This week, Samsung has begun ramping up production of its second generation High-Bandwidth Memory (HBM2) DRAM chips in preparation for increased demand. Samsung will be producing 8GB stacks with speeds as high as 256GB/s, offering the highest performance to date.
Both AMD and Nvidia currently use HBM2 chips for graphics cards. AMD will be using HBM2 across all of its Vega products, meanwhile Nvidia utilises it on the Tesla V100, its first Volta-based GPU. Samsung hasn’t specifically stated which company it is increasing HBM2 production for at this point though.
Speaking about Samsung’s HBM2 production plans, the company’s executive VP of memory sales, Jaesoo Han, said: “By increasing production of the industry’s only 8GB HBM2 solution now available, we are aiming to ensure that global IT system manufacturers have sufficient supply for timely development of new and upgraded systems. We will continue to deliver more advanced HBM2 line-ups, while closely cooperating with our global IT customers”.

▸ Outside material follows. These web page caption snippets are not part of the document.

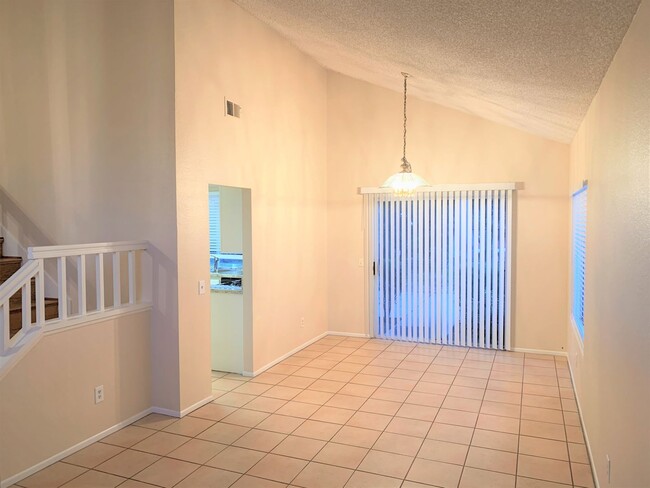 Photo - 1228 Scenic View St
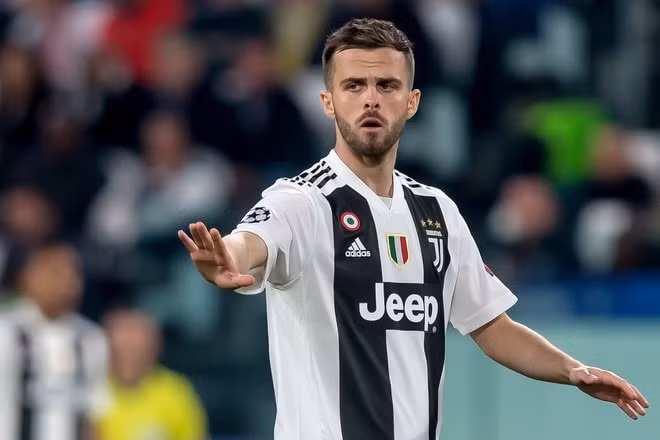 Barca sẽ có sự phục vụ của Miralem Pjanic từ Juventus ở mùa giải tới. Ảnh: Getty Images.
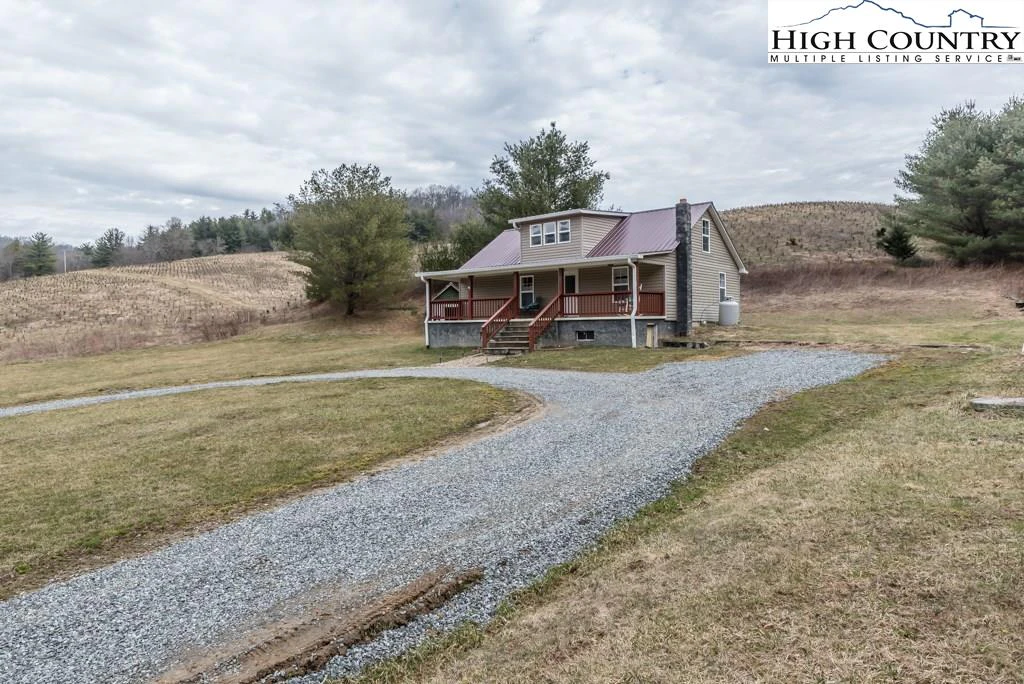 Image number 16 for the current listing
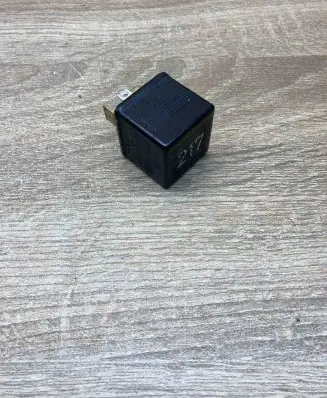 Audi A6 S6 C4 4A Other relay 443951253S 899556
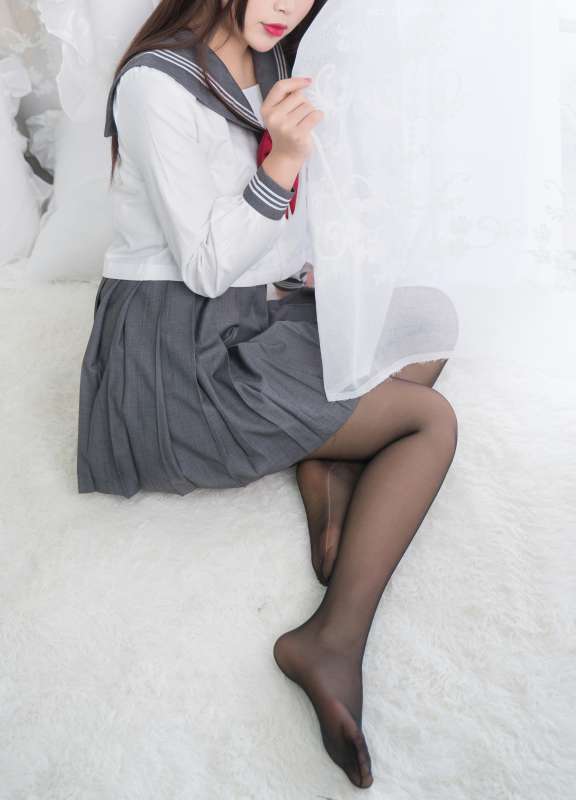 白烨 绝对足域+赠品 [76P+9V/1.47G]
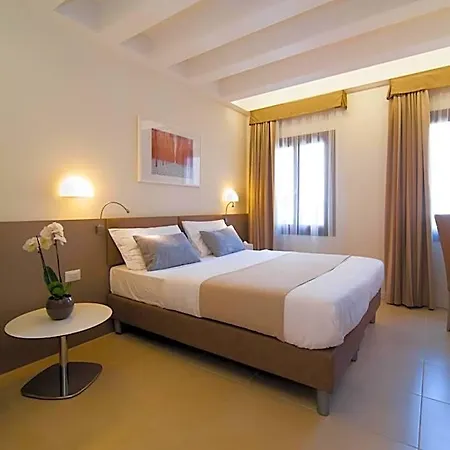 Leone Hotell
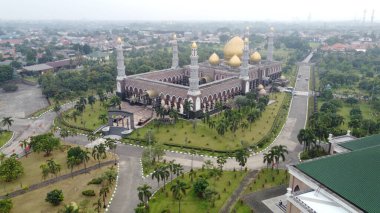 Depok 'taki En Büyük Cami Mescid Kubah Emas, Ramazan Bayramı Resepsiyonu, Seyahat ve Turizm. Depok, Endonezya 15 Haziran 2020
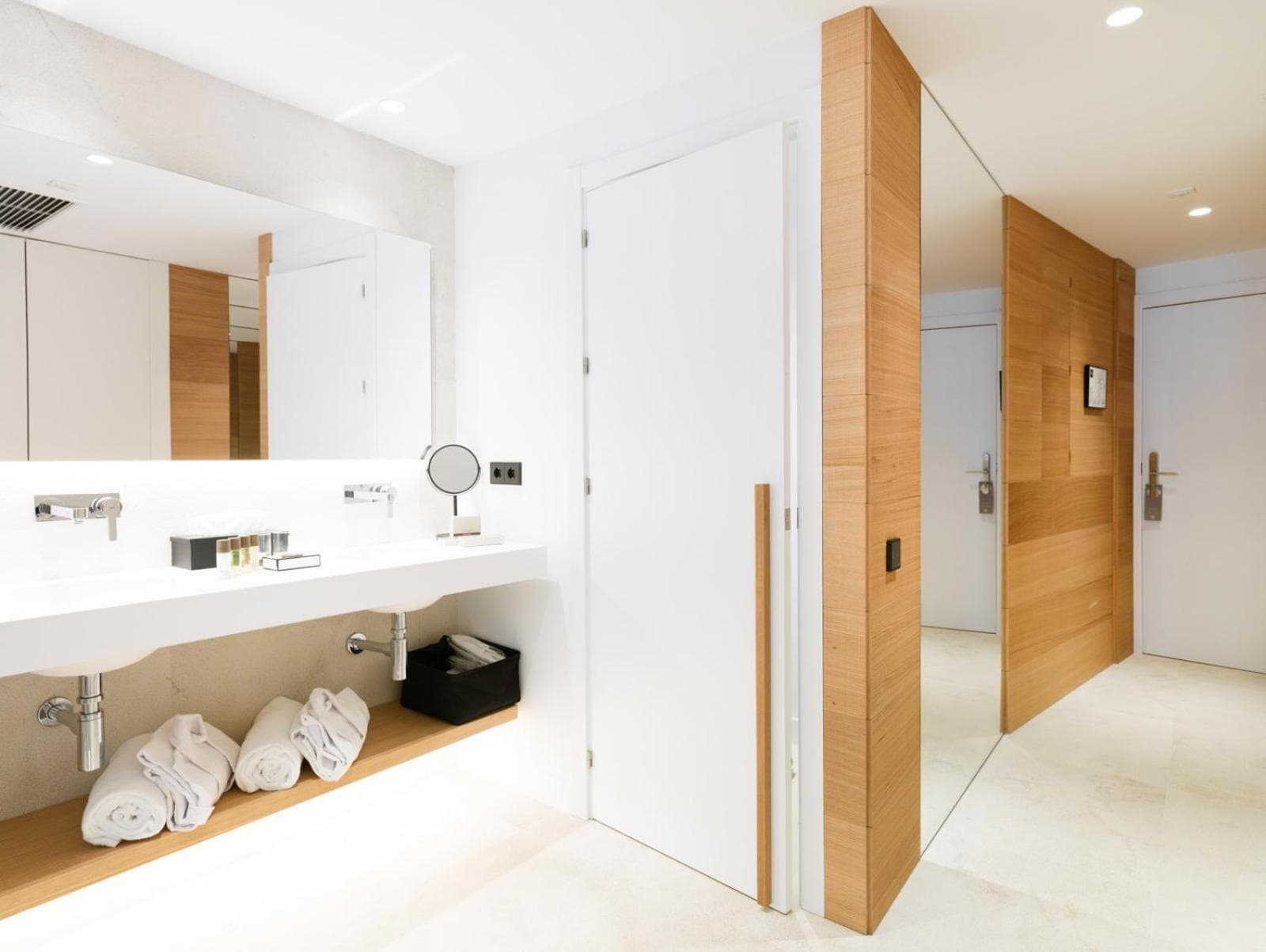 Nakar Hotel — 30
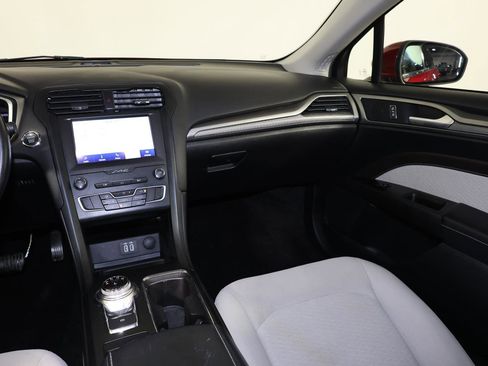 Used 2020 Ford Fusion SE w/ Equipment Group 151A FWD image 11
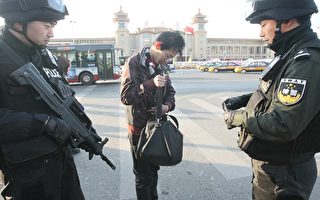 北京过年 武装特警上街
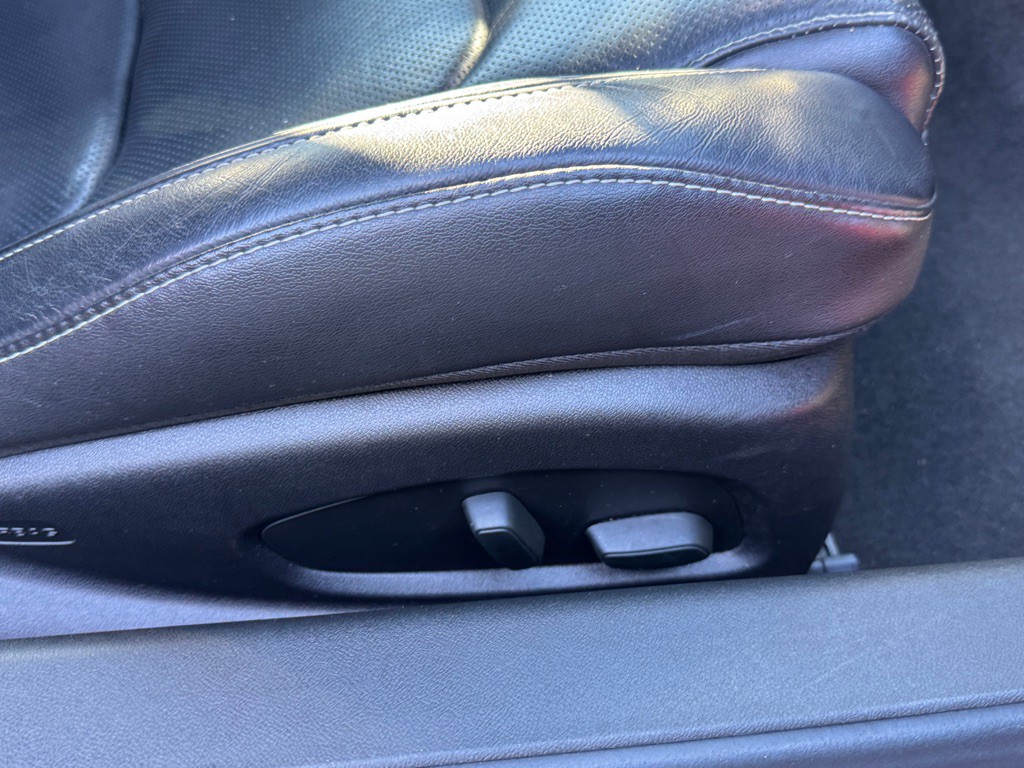 2017 Chevrolet Camaro Image 14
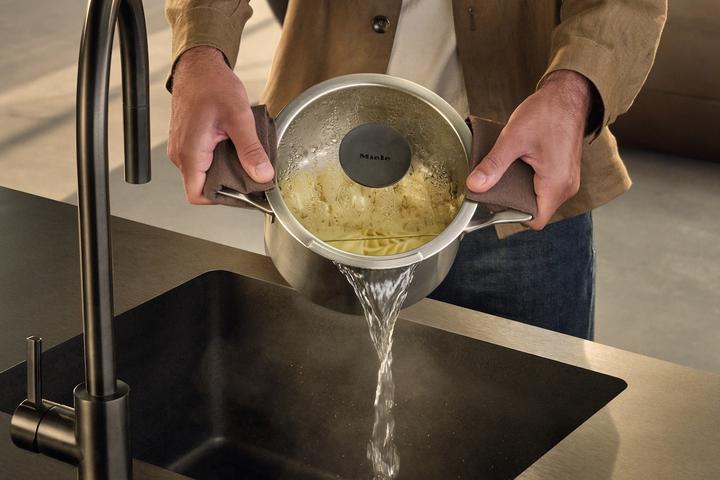 Actual product image Miele KMKT 2040-3 (20 cm, Pot, Stainless steel)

Samsung’s 8GB HBM2 consists of eight 8-gigabit HBM2 dies and a buffer die at the bottom of the stack. Everything is stacked vertically and interconnected by TSVs and microbufmps, with each die containing over 5000 TSVs. In total, Samsung’s full HBM2 chip contains more than 40,000 TSVs, ensuring consistent, high performance and alternate paths for data should a delay in data transmission occur.
With demand increasing, Samsung is looking to have 8GB HBM2 be around half of the company’s HBM output by the first half of next year.
KitGuru Says: It looks like we can expect to see increased amounts of HBM2 floating around over the next year or so. Do you guys think HBM will take over for GDDR5x on high end graphics cards next generation?